For Detroit, it’s too late; a bankruptcy court will have some ugly decisions to make about how to allocate the sacrifice. But for other communities and for Congress, keeping other municipal governments off the same path — and avoiding rude surprises for future public employees — should be a matter of great urgency.
No Massachusetts community is faring as badly as Detroit, whose fortunes have waned as economic changes have buffeted and transformed its signature auto industry. Yet many of Massachusetts’ so-called Gateway Cities are still struggling to replace the mill economies that once sustained them. In recent memory, the state has had to step in to arrest the downward spiral of Lawrence, Springfield, and Chelsea. With 351 cities and towns, each making its own promises of future benefits to workers whose unions exert considerable clout in local elections, Massachusetts is quite vulnerable to crises in municipal finance.

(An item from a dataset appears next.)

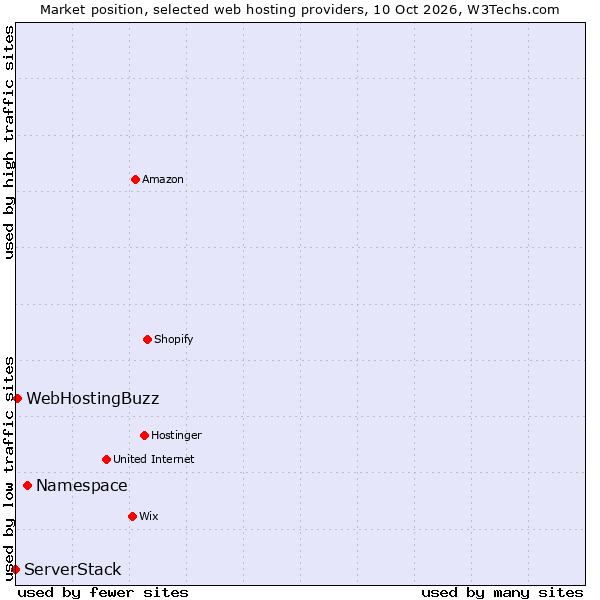 Market position of Namespace vs. WebHostingBuzz vs. ServerStack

Because the complexity of their finances often defies outside scrutiny, and because even subtle changes in collective bargaining contracts can mean large increases in future liabilities, local governments can end up taking on huge burdens without their residents being any the wiser. And because of their ability to serially refinance their debts and put off required pension contributions, these governments are also well positioned to dig themselves into deep holes. It doesn’t help that many public officials who negotiate collective-bargaining deals often rely on support from employee unions to get elected, and these officials themselves participate in the same kind of public-pension systems as rank-and-file government employees.
Yet Detroit’s woes show that not just taxpayers but also government employees themselves have an interest in more transparent arrangements — in which these workers receive relatively more compensation up front, rather in the distant future, and the agencies that employ them are subject to more stringent requirements for funding their pensions fully.
Federal laws currently impose strict rules on private employers that offer pensions; these companies must set aside enough money in advance that retirees aren’t caught short if their employers go bankrupt years later. Those same rules don’t apply to public pensions. Congress should change that, because state and local officials can’t be counted on to adequately prepare for employees’ retirement.
In flush times, state and local governments can afford to set aside more money, but there’s little pressure to handle ugly long-term problems. During economic rough patches, state lawmakers are more willing to make unpopular cost-cutting choices — such as the Legislature’s 2011 reform of municipal employees’ health care — but the pressure to refinance debts and stretch out today’s obligations deeper into the future only grows.
Detroit shows where such an approach can lead: Desperate for money, it entered into complex interest-rate gambles with Wall Street financial companies and lost, making its own plight worse. Once among the nation’s most prosperous cities, Detroit is at the point where its art museum may have to unload precious works to pay down debts. When a city is selling off its assets just to pay what it promised to yesterday’s employees, its hopes of regaining its footing are slim.
Other communities, in Massachusetts and elsewhere, will have more room to maneuver — as long as they’re pressed to put aside money, and to never promise more than they can pay up front.